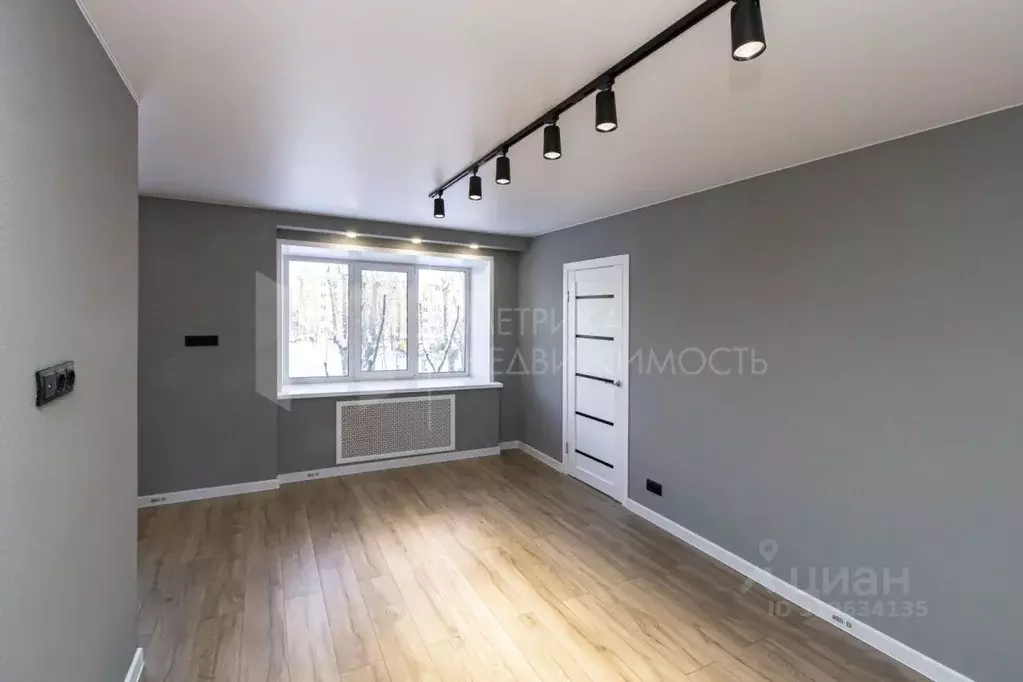 2-к кв. Тюменская область, Тюмень ул. Республики, 187 (43.1 м) - Фото 0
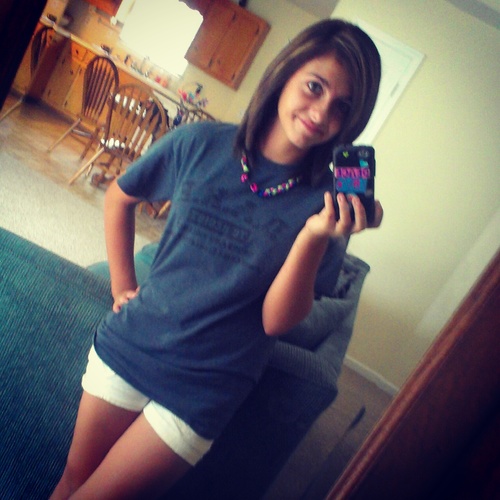 AlanaBrooke7's profile picture. Hai. My name is Alana.(:
Softball is my life.!(: 
&&I follow back beacause I love you.
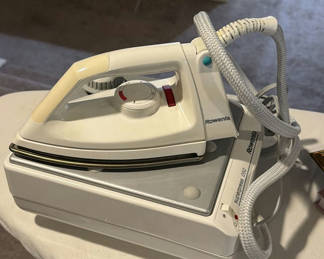 Lot 22: Rowenta Superpress 050 Steam Iron with Base Unit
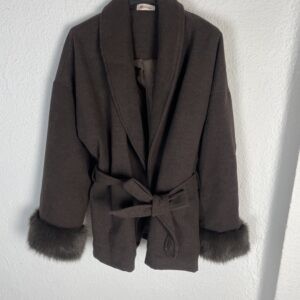 CHAQUETA DETALLE EN PELOS EN LAS MANGAS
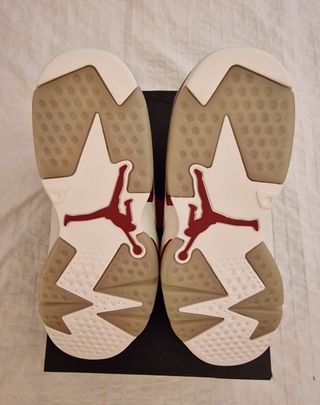 Air Jordan retro 6 Maroon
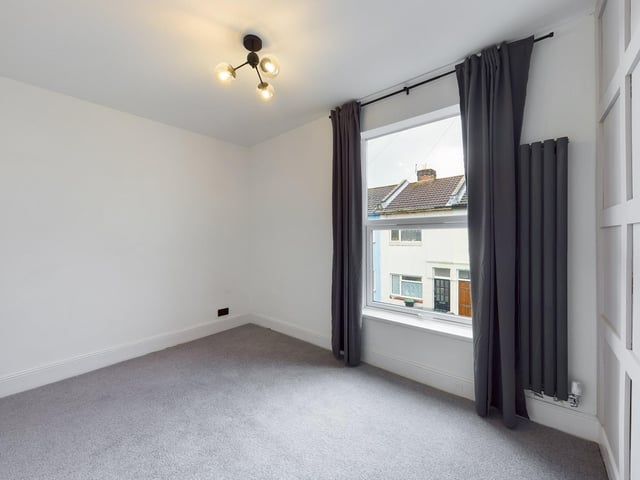 The front bedroom at Esslemont Road, Southsea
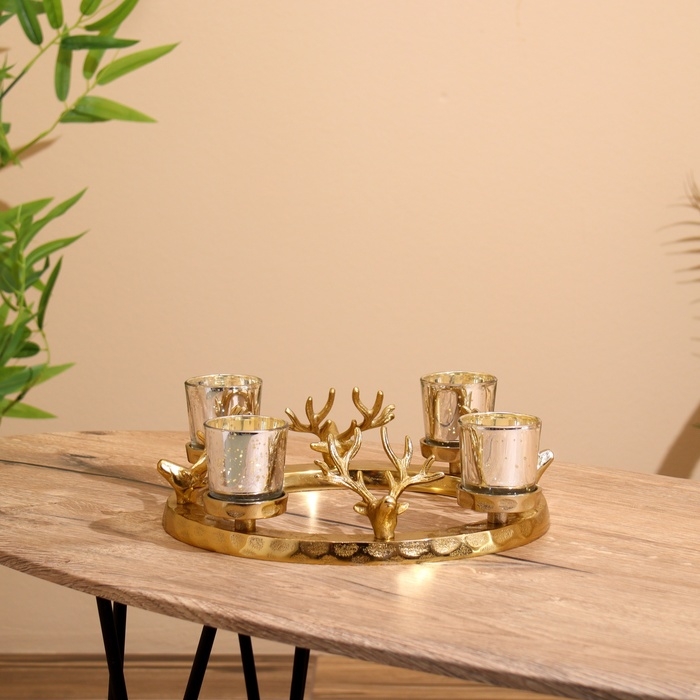 Подсвечник на 4 свечи Подсвечник на 4 свечи "Рожки" алюминий 30х30х10 см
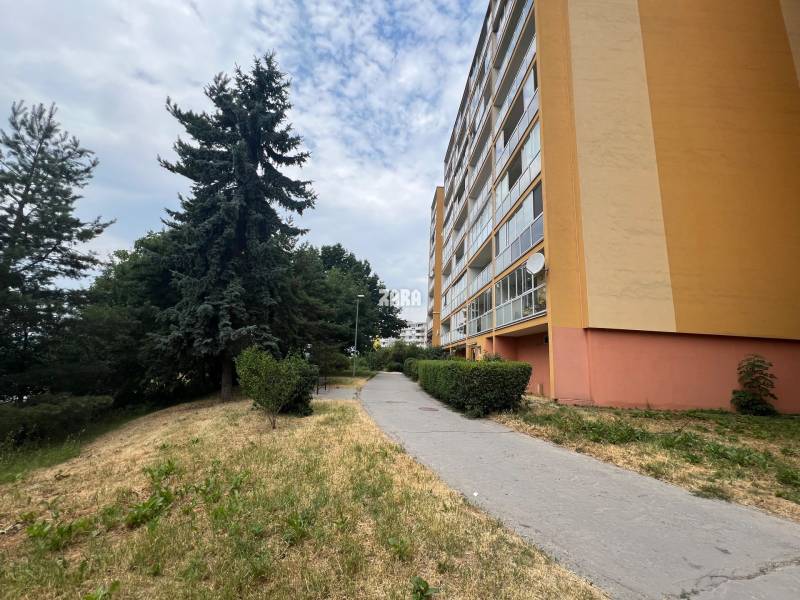 FURČA: Dvorkinova: 4 izbový byt, 92 m² + loggia. MAKLÉR ODPORÚČA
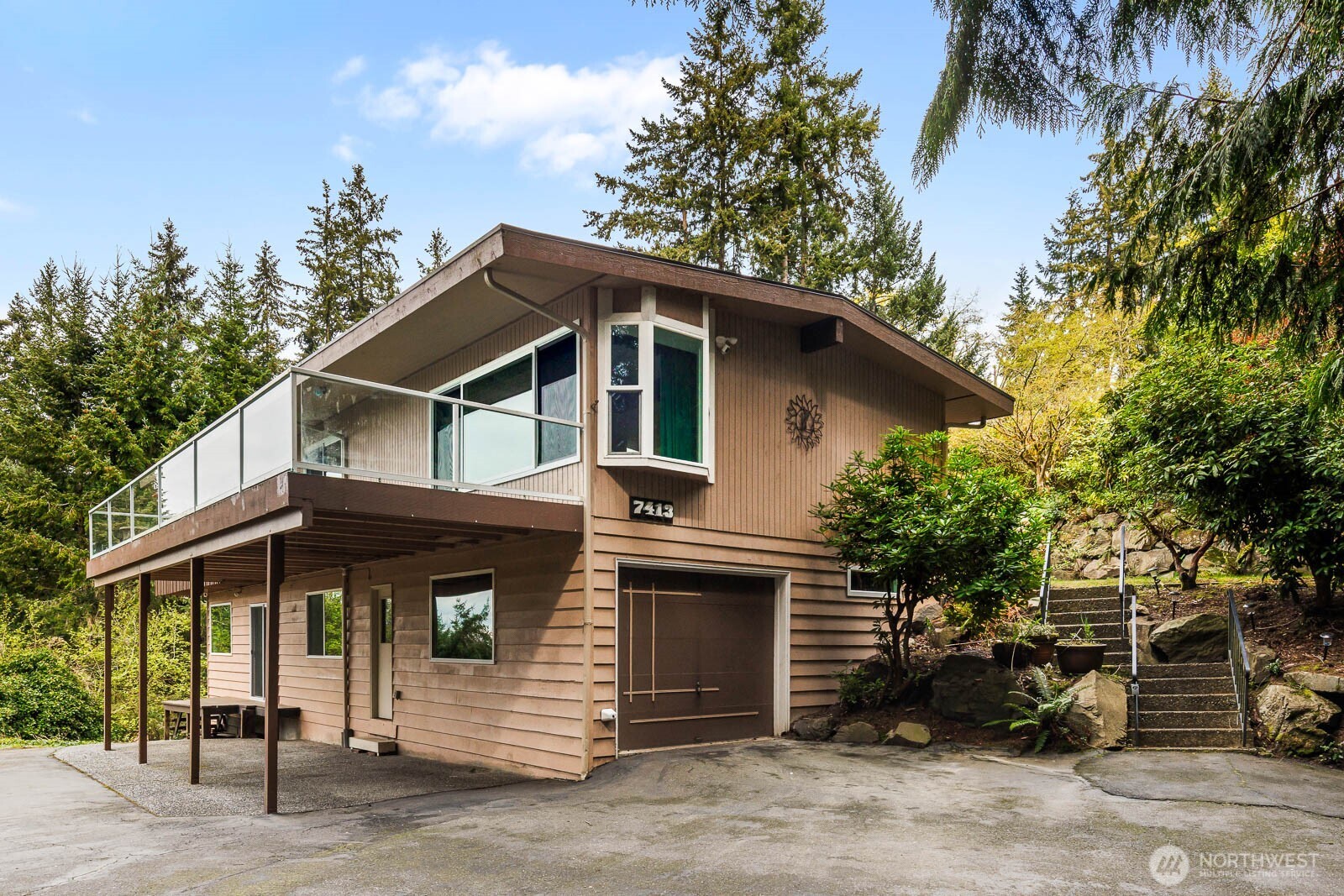 7413 Soundview Drive , Edmonds, WA 98026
..........
[REQUIRED WORK]
Find the line containing "Lot 22: Rowenta" in the listing above. Restate it and every line after it, word for word, through the final line, leaving out the pictures.

[RESPONSE TO THE TASK]
 Lot 22: Rowenta Superpress 050 Steam Iron with Base Unit
 CHAQUETA DETALLE EN PELOS EN LAS MANGAS
 Air Jordan retro 6 Maroon
 The front bedroom at Esslemont Road, Southsea
 Подсвечник на 4 свечи Подсвечник на 4 свечи "Рожки" алюминий 30х30х10 см
 FURČA: Dvorkinova: 4 izbový byt, 92 m² + loggia. MAKLÉR ODPORÚČA
 7413 Soundview Drive , Edmonds, WA 98026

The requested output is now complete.